Assignment 1
Cache Simulation and Analysis with MiBench Benchmark Suite
This repository contains a configuration script to simulate a system architecture with a processor, two cache levels, and main memory. The simulation runs the "qsort_small" benchmark application from the MiBench benchmark suite in system emulation mode. Additionally, it explores the effect of varying L2 cache configurations on cache miss rates.
System Configuration
The base system configuration is as follows:
- L1 Data Cache: 16kB, 2-way associative, latency = 2 cycles
- L1 Instruction Cache: 16kB, 2-way associative, latency = 2 cycles
- L2 Cache: 256kB, 4-way associative, latency = 10 cycles
The memory hierarchies are connected by buses, and the processor first looks for data in the L1 cache, then in the L2 cache if the L1 cache misses, and finally in main memory if the L2 cache misses.
Benchmark
We use the "qsort_small" benchmark from the MiBench suite to evaluate the performance of the system.
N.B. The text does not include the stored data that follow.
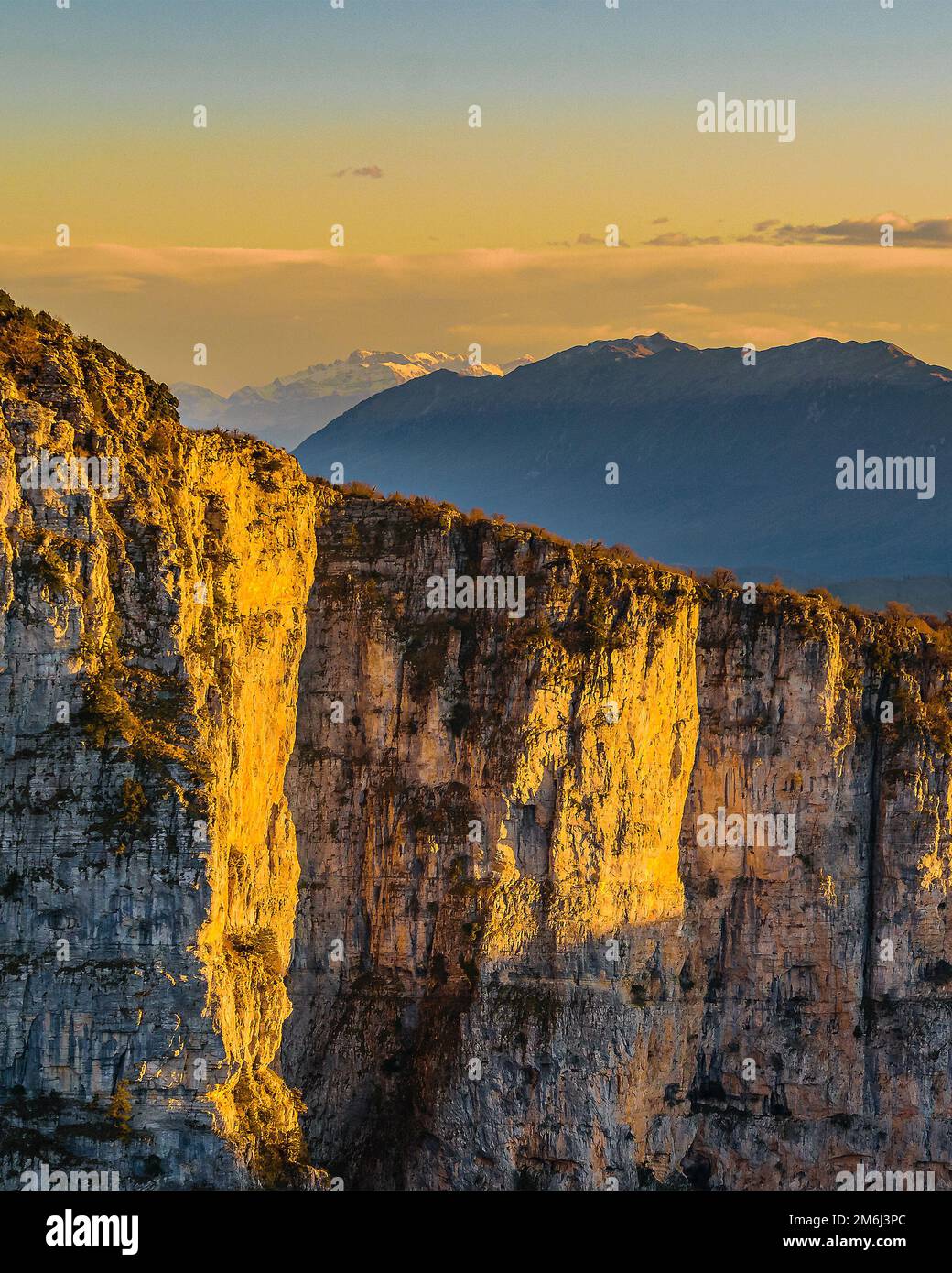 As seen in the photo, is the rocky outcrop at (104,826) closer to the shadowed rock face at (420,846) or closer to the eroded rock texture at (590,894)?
the shadowed rock face at (420,846)

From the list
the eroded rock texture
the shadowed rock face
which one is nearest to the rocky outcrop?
the shadowed rock face

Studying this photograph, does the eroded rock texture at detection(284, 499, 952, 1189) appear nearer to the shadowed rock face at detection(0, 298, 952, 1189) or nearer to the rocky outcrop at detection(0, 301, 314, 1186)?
the shadowed rock face at detection(0, 298, 952, 1189)

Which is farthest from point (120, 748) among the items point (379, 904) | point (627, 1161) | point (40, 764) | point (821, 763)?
point (821, 763)

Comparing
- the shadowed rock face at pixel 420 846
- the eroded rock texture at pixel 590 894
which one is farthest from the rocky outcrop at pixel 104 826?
the eroded rock texture at pixel 590 894

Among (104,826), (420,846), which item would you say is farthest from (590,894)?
(104,826)

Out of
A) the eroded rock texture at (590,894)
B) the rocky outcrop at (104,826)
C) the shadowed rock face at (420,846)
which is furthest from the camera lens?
the eroded rock texture at (590,894)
The benchmark can be found at MiBench automotive/qsort.
Experimental Simulations
To understand the impact of L2 cache configurations on cache miss rates, we performed simulations with various L2 cache sizes and associativities. The configurations are listed in Table 1 below, and the results are depicted in Figure 2.
L2 Cache Configurations
| Size_Associativity | Size_Associativity |
|---|---|
| 64kB_2 | 1024kB_8 |
| 64kB_4 | 1024kB_2 |
| 256kB_2 | 32kB_4 |
| 256kB_4 | 64kB_8 |
Observations
-
Cache Size and Miss Rate: As the L2 cache size increases, the cache miss rate decreases. This is because a larger cache can store more data, increasing the likelihood that the required data is found in the cache. Thus, the cache miss rate is inversely proportional to the L2 cache size.
-
Associativity and Conflict Misses:
- For small cache sizes and low associativity (1 or 2), conflict misses are a significant source of cache misses. With fewer cache sets, the chances of different memory blocks mapping to the same set are high.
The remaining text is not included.